• _AVAILABLE DATA_

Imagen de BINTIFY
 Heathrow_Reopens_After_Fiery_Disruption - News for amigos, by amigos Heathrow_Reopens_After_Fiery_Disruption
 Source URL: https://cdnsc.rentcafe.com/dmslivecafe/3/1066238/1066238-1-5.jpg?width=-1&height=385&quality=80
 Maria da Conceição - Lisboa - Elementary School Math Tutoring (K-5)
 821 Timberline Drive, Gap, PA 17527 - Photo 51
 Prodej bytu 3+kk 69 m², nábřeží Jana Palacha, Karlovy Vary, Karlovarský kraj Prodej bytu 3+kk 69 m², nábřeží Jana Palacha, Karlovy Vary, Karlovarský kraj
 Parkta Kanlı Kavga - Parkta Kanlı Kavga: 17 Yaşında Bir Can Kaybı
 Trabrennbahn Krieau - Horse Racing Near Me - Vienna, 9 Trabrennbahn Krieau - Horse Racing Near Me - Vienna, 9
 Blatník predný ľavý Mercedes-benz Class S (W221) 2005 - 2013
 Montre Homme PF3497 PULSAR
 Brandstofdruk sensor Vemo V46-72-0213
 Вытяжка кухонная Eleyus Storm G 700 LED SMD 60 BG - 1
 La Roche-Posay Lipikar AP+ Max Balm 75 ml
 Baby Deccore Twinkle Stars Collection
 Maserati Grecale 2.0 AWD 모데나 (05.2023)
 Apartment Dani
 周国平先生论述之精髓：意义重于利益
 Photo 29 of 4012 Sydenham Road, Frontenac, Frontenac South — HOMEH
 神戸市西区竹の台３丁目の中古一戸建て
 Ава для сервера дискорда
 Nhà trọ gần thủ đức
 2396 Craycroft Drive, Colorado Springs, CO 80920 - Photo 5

• _WORK REQUEST_
Go to the line in the material above that contains "Karlovarský kraj Prodej" and copy exactly from there through the line that contains "Parkta Kanlı Kavga - Parkta", stopping after it.

• _YOUR RESPONSE_
 Prodej bytu 3+kk 69 m², nábřeží Jana Palacha, Karlovy Vary, Karlovarský kraj Prodej bytu 3+kk 69 m², nábřeží Jana Palacha, Karlovy Vary, Karlovarský kraj
 Parkta Kanlı Kavga - Parkta Kanlı Kavga: 17 Yaşında Bir Can Kaybı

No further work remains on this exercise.